I know I have been abent from the blogosophere for quite some time now and I will get around to getting back to the other blogs in the circle as soon as finals are over.
surprsingly though, in the mist of my craze of stress and homework I always found time to read. mainly because it was my "get away" and it kept me sane. but also mainly because the book I happened to be reading was amazing. you guys have heard me post blogs "still reading..." it took me like 9 months to read that book about Howard Hughes (which i loved! but still couldnt just sit down and read it.) but this book was different.
this book is called 'The Kitchen Readings' its written by Michael Cleverly and Bob Braudis. Never heard of them? don't worry you shouldn't know them, they aren't writers and although Cleverly is an artist, they aren't famous. They were two of the best friends of Dr. Hunter S. Thompson and this book is full of stories about the great HST.
its in a completely different light though. its not all about his gonzo, firearms, illegal actions, drug snorting, alcohol using lifestyle. its in there, but in a completely admirable way somehow. you're reading these stories and the underlying "facts" come out that this guy is an asshole, this guy is crazy. But the way they write about him, and the way they describe who he truly is -- you find it all funny, charming, endearing, its really quite amazing.
I'm writing this blog, because I just finished the book (it took me 2 weeks to finish this book, in the heat of finals, stress, weird sleep patterns, I finished the book. They cleverly organized the stories somewhat choronically and with purpose. the last two chapters are about hunters death, which i was completely unaware of.
I knew HST had died, but through this book I learned how recently and the moment I started crying was when I read that Hunter took his own life. the book goes back and forth between stories from Cleverly and Braudis and the very last 2 chapters talk about the last time they were with Hunter when he was alive. Braudis was with Hunter the very night before and both of them recalled Hunter being in a great mood, having fun, what they referred to as "vintage" Hunter the last time they saw him.
Hunter had a spinal replacement surgery and that took a huge toll on him and what really started all his medical pain and "problems" he went through a horrble detox when he was in the hospital from alcohol and his drugs and the physical therapy rehab after he was released was just as painful as not doing anything. Braudis recalls nights when they would sit in front of the fire and Hunter would tell him about the stresses of his life - i guess an insight of why he ended up doing what he did. I think ultimately though it was the pain (physical medical pain)

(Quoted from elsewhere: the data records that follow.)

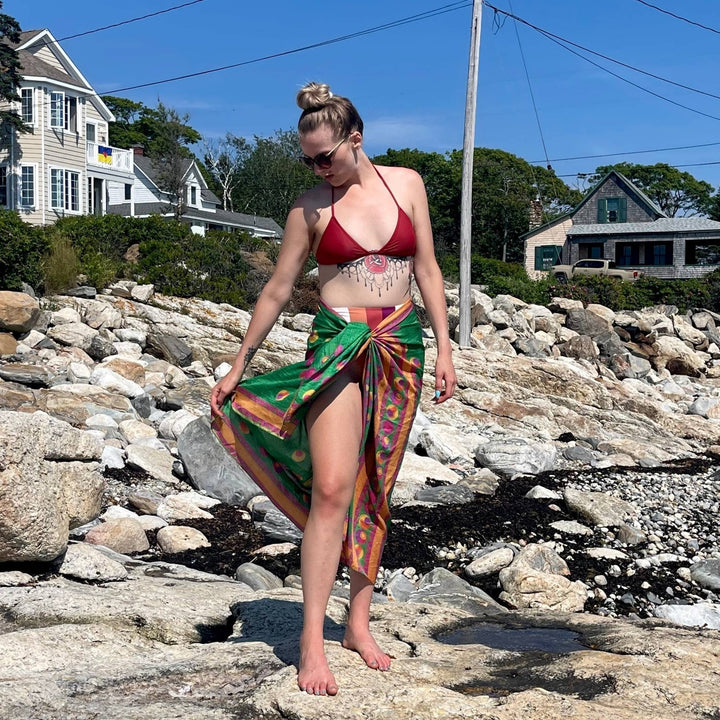 Model is wearing a green beach sarong while standing in front of some rocks on the beach.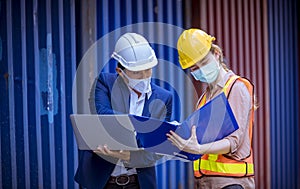 Manager and dock worker under discussion about dock container shipping warehouse document, they wearing safety uniform hard hat ,f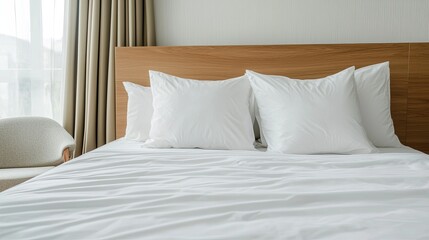 A serene bedroom scene featuring a neatly made bed with fluffy white pillows against a warm wooden headboard and soft curtains.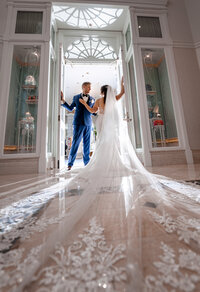 Bride with a long train and groom in a bright corridor at an Orlando wedding venue
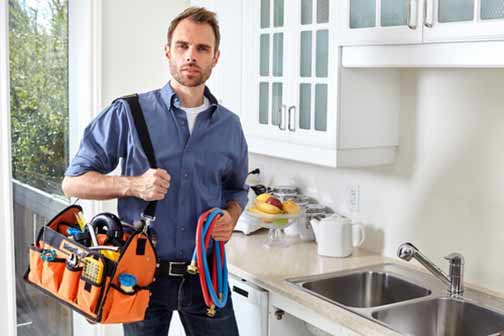 an emergency plumber ready to make repairs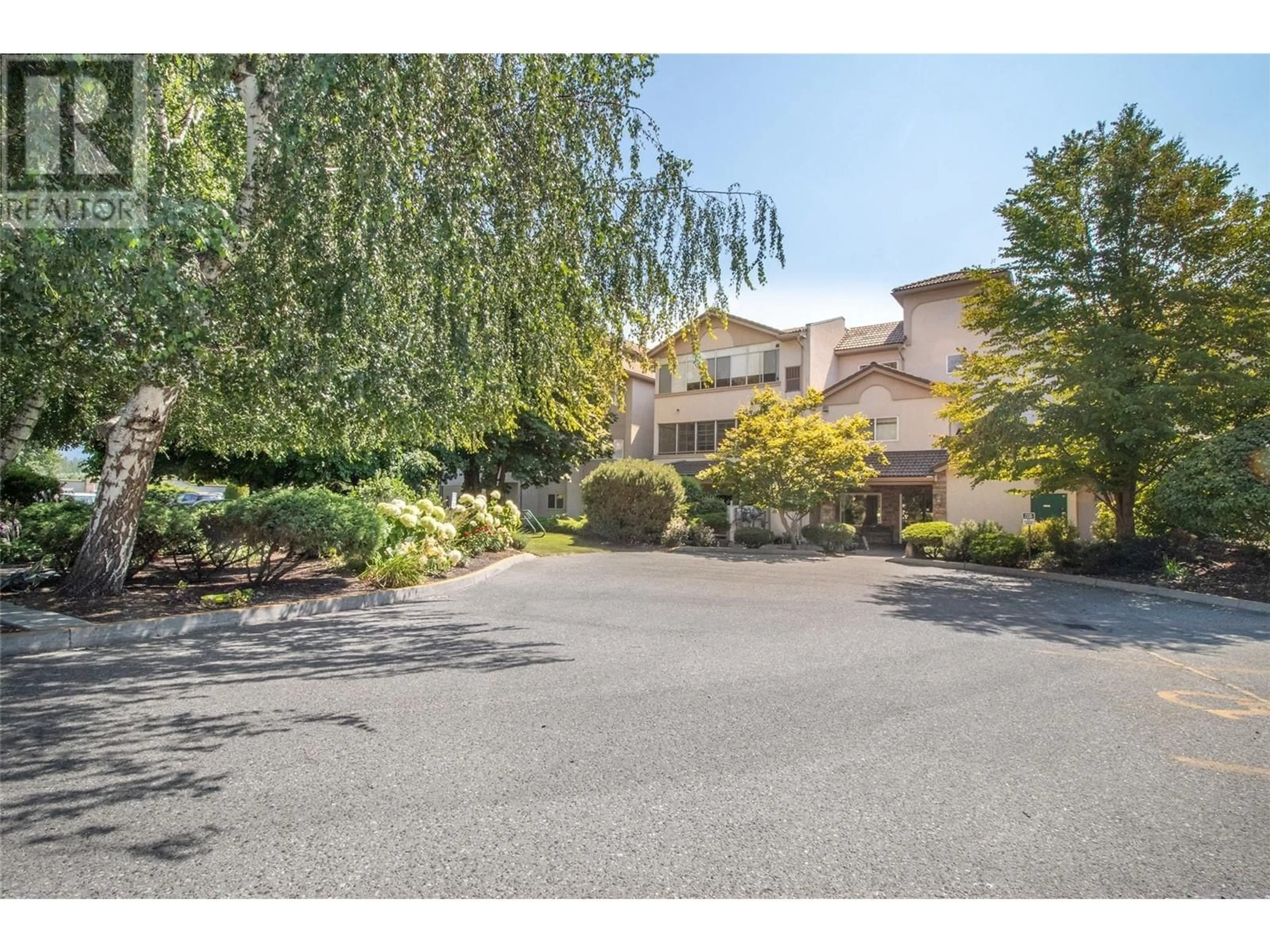 A pic from outside/outdoor area/front of a property/back of a property/a pic from drone, street for 2300 Benvoulin Road Unit# 107, Kelowna British Columbia V1W2C6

the one thing I have to say though is that as much of a Hunter fan as I have always been ever since I read "Rum Diary" I always took Hunter for someone I would want to read about, and even maybe watch in a movie, but never someone I would want to meet, I always took him for this total junkie, asshole, out of control nut (which to some credit he is) but these "untold stories" provide a completely different side to him, in that he is someone I would completely want to meet and be friends with and I would want to sit in his kitchen with him and be part of that circle (Hunters kitchen was the "headquarters" and was where they all hung out and just sat around and discussed politics and everything else)

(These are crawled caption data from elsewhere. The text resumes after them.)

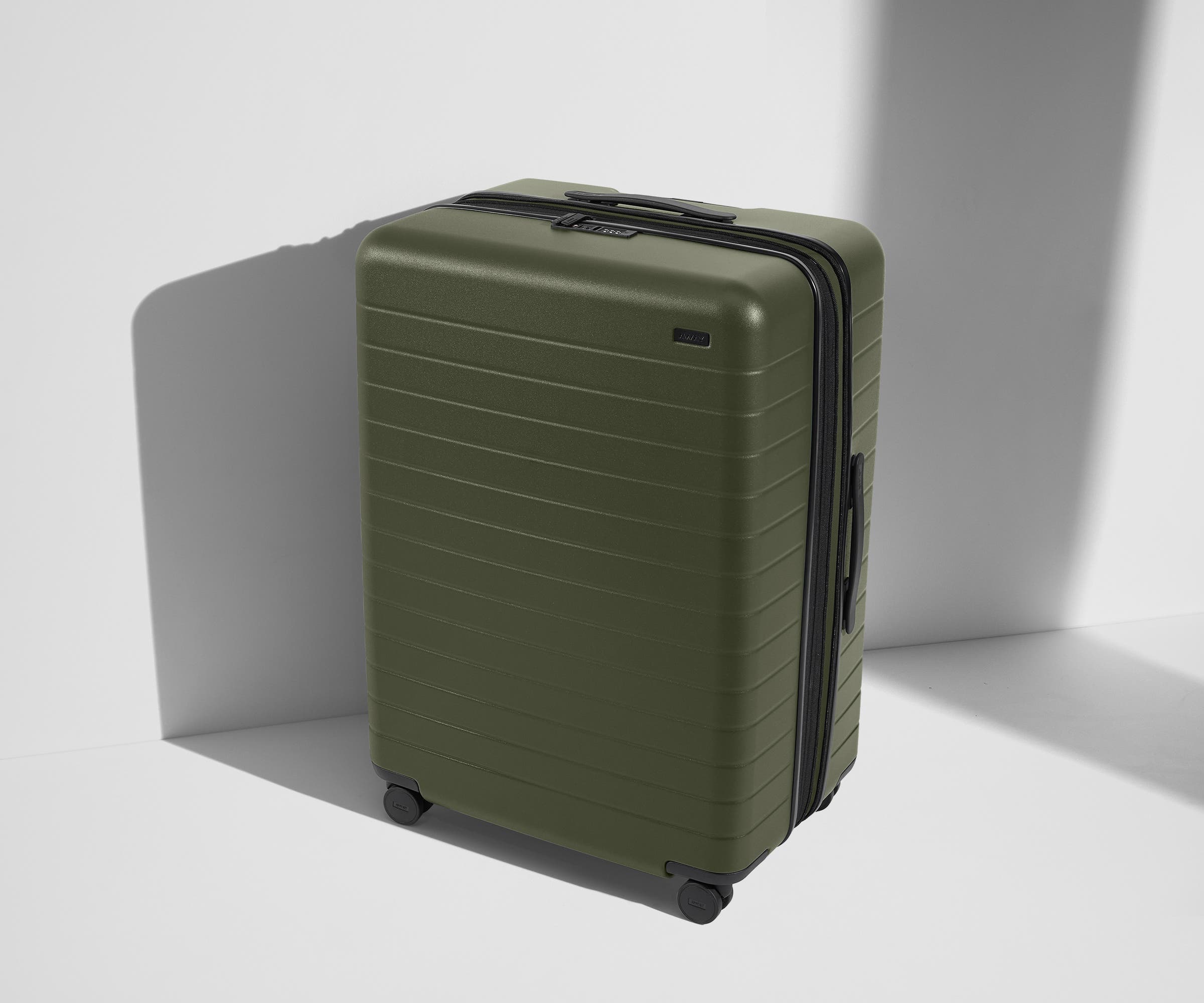 Angled product view of The Large Flex suitcase in Olive Green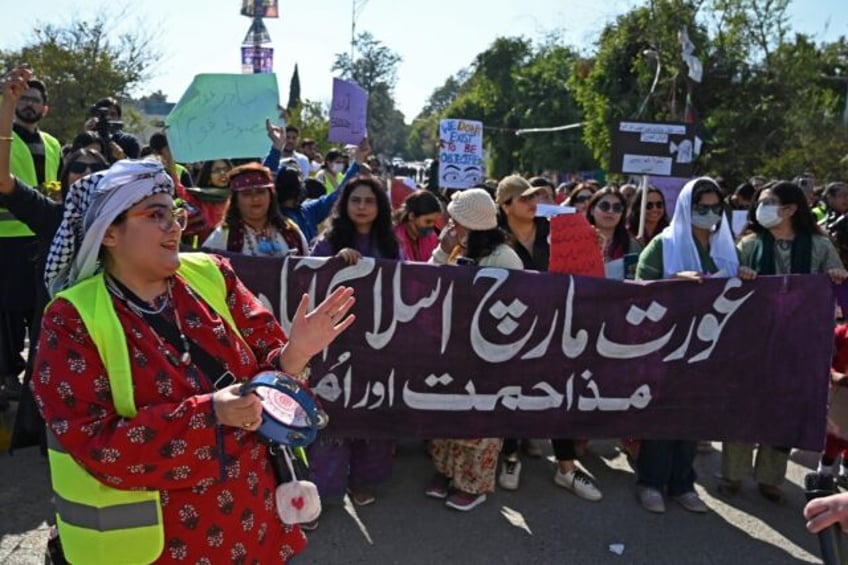 Women activists take part in Aurat March, a demonstration rally, to mark the International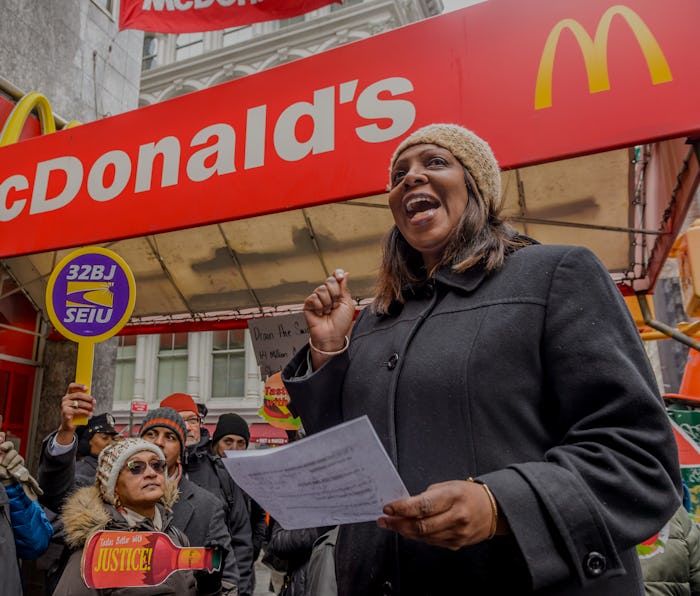 An activist is seen speaking at a Fight For $15 protest in winter.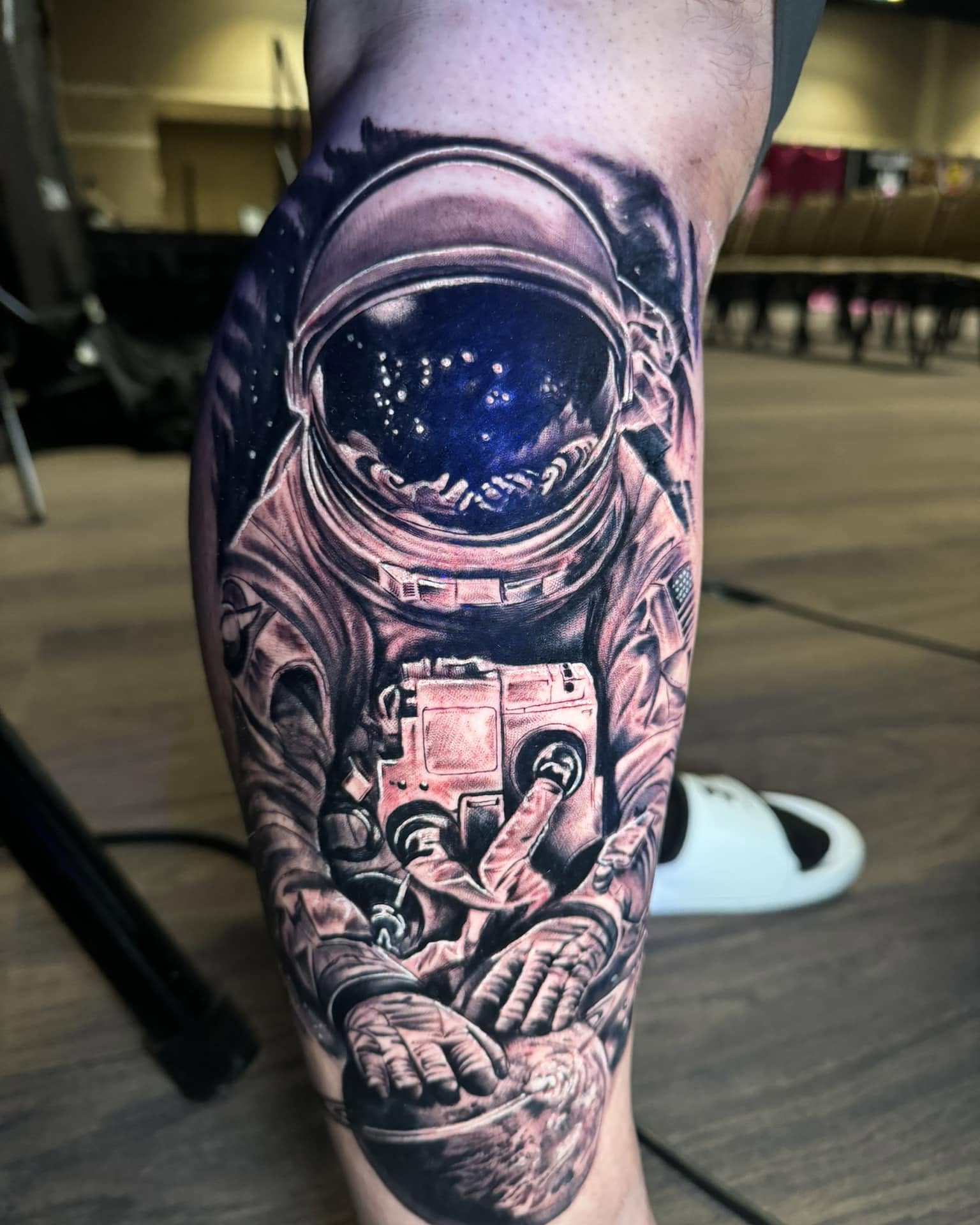 Astronaut realism tattoo on the forearm by Zacharee Osborn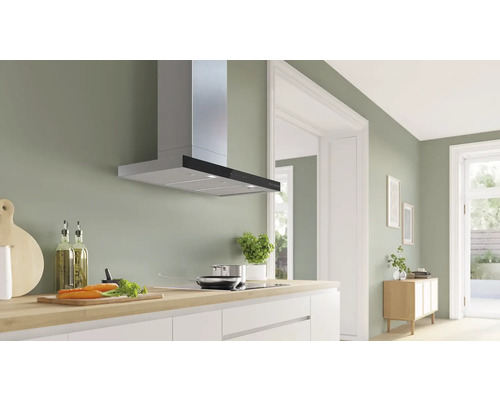 Scène de cuisine avec hotte aspirante, plaque de cuisson, plan de travail et ustensiles de cuisine dans une cuisine lumineuse.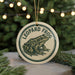 A round ornament featuring a leopard frog design, hanging from a string against a blurred background of a Christmas tree with lights.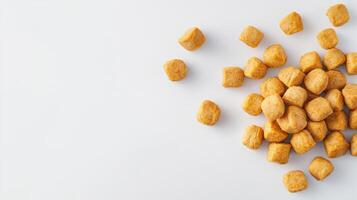A pile of peanuts on a white surface photo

and so when I read about his death and how his friends felt. I was actually bawling, so much I couldnt see the words on the page. I had fallen in love with this man through these stories.
Michael Cleverly had two read great passages I just had to write down and now I want to share them
"perhaps when we age and our senses become less acute, our vision and hearing dim. its so that when we finally leave this world, we won't miss it so much."
and my favorite
"people are still reading Hunter, as they have been for decades. I dont know if his books have ever gone out of print. One reason people read him is because he was very funny. he was very funny because he was very smart and because he was honest. Hunter was a 68 year old man who spoke to young people. he was a boozer and a druggie who spoke to people who never embraced booze or drugs themselves and he was a liberal who spoke to people whose political learnings were far away from his own. we all recognized that there was something in Hunter hat we could only hope to see in ourselves; an utter lack of hypocrisy. when Hunter was being brutally honest with those around him it could sometimes be unpleasant but he was just as honest about himself. he didnt sugarcoat it."

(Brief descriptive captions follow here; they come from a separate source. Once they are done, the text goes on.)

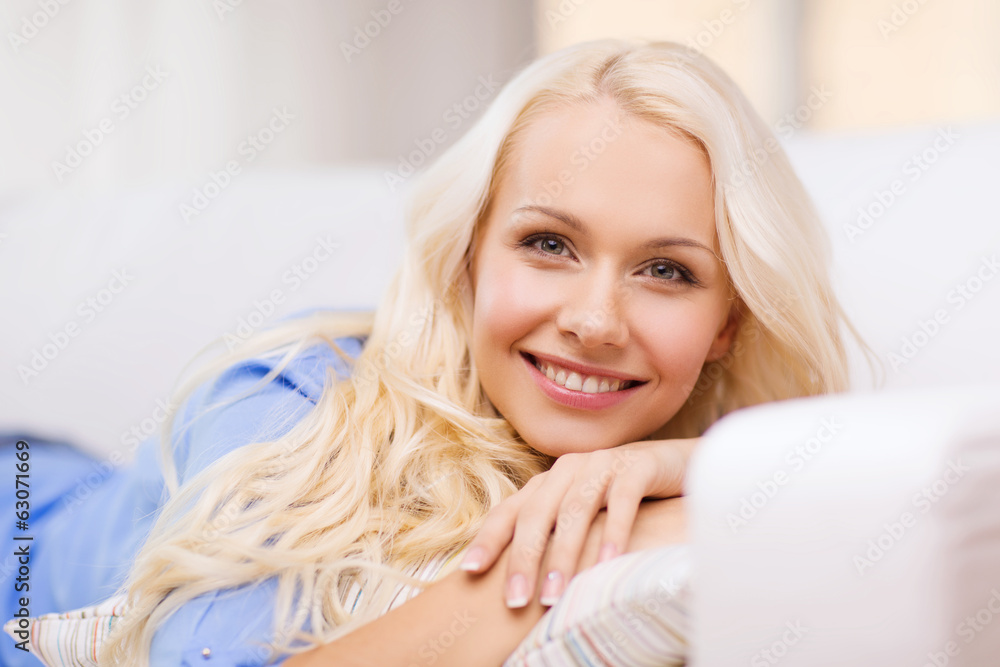smiling young woman lying on sofa at home smiling young woman lying on sofa at home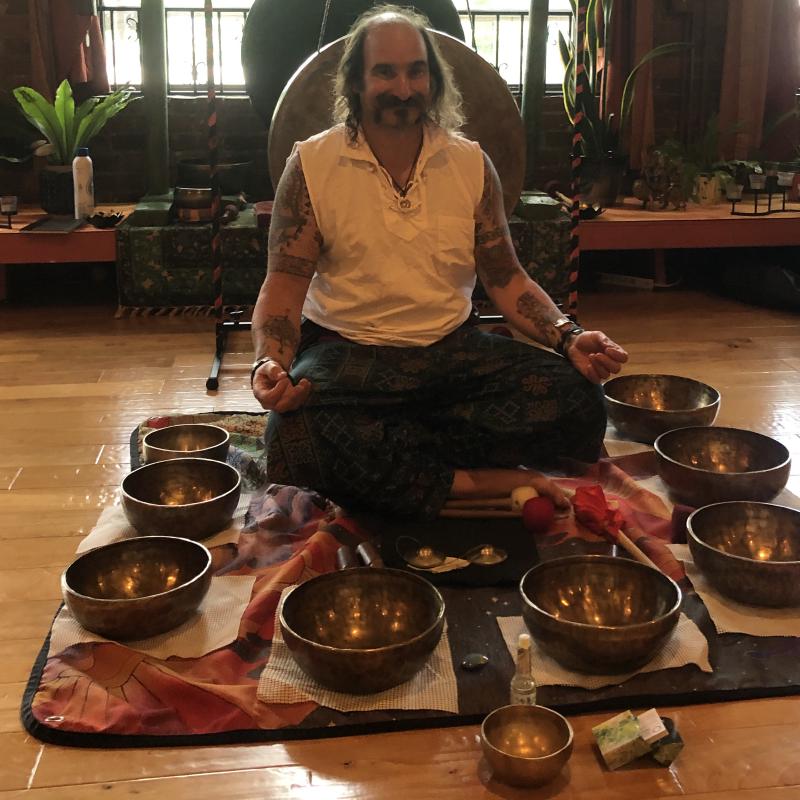 Christian surrounded by singing bowls
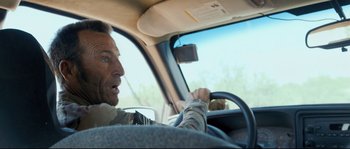 Movie still from “Cartel Land” (2015), directed by Matthew Heineman – A man driving a car in the middle of the day; Close Up shot, Over the shoulder angle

the part i bolded was the part that I felt like jumping up and saying "that's me! that's me!" I always fear that people who dont understand what it is like to read Hunter will judge me when they know hes a druggie and a boozer thinking that I commesorate with him or have something in common with him. because I dont have a single thing in common with him other than our share for politics and stories.
needless to say. I highly recommend this book. I feel like in some ways some of the stories have actually maybe changed my life. which could launch me into a whole nother' blog and this one is long enough.